Pets can get dehydrated very quickly, so make sure to provide plenty of fresh, clean water at all times. If your pet is going to be outdoors, make sure he or she has a shady place to rest out of the sun. It’s also important not to over exercise your pets during the summer time. Just like a car, you pet can overheat.
• Excessive panting or difficulty breathing
• Increased heart and respiratory rate
• Mild weakness
• Stupor or even collapse
• Bloody diarrhea and vomit
• Elevated temperature
Animals with flat faces, such as Pugs, Pekingese, and Persian Cats, are even more susceptible to heat stroke because they cannot pant as effectively. Senior and overweight pets are also most susceptible and should be kept in an air-conditioned room as much as possible. A parked car can quickly have a heat index in the 100s even if the windows are down. Leaving a pet in a parked car during the summer can lead to a fatal heat stroke.
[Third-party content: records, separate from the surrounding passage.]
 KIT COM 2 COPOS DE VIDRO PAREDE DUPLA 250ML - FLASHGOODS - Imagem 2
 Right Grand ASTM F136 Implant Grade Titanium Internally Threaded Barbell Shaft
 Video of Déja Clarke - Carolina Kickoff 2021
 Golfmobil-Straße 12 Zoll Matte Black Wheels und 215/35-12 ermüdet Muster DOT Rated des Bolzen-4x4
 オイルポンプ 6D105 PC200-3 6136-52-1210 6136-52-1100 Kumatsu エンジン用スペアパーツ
Now that it’s summer time and you’re taking the cover off of your backyard pool, make sure pets are not left unattended around it. Not all dogs are able to swim. Pool water with chlorine can also cause stomach issues if consumed. If you’re going to be taking your dog out to the lake on a boat, make sure he or she wears a floatation device. Once your dog has been swimming, make sure to rinse him or her off! Chlorine or salt from the water can cause skin issues.
The Great Outdoors
The grass is growing and the bugs are crawling, so you’re likely using lawn and garden insecticides and bait to kill critters before they come in your home. These things can be really harmful to dogs and cats if ingested. Make sure to keep them out of reach and follow the manufacturer instructions before allowing your pet out onto a lawn that has just been treated. Things like citronella candles, oils, and insect zappers need to be kept away from pets as well.
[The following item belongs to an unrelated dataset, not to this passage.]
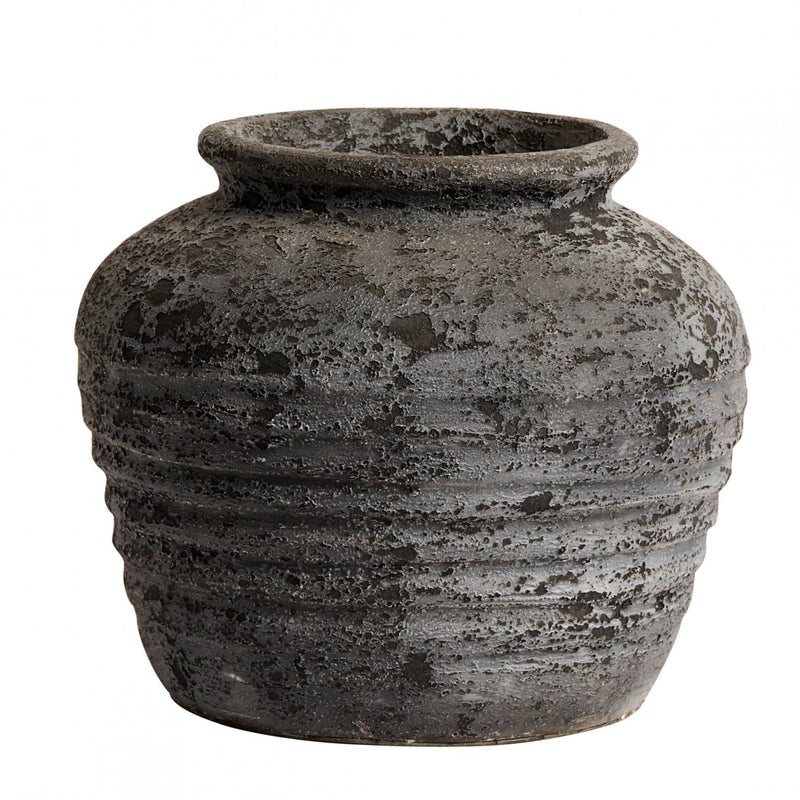 Medium Melancholia Textured Charcoal Vase Pot 30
Remember that many foods are drinks are also toxic to animals. Alcoholic beverages and artificially sweetened drinks can have severe repercussions for your pet. Make sure your pet avoids foods like chocolate, grapes, raisins, onions, and garlic. Even just snatching a hot dog off of the picnic table can cause your pet to have extreme digestive upset.
Finally, with the Fourth of July just around the corner, be mindful of your pet around fireworks. Not only are fireworks themselves harmful to pets if they are ingested, but they are also very scary to pets and can cause severe burns. Fireworks contain things like arsenic that can be detrimental to their health if consumed. Make sure that your pets are kept in a safe place so that they do not escape or come in contact with a lit firework. Many animals will panic and run when they hear fireworks going off. Your pet should be wearing a collar with tags and even microchipped so that if your dog or cat gets out, you and your pet can easily be reunited.
We at Austin Vet Care hope that everyone has a safe and happy summer!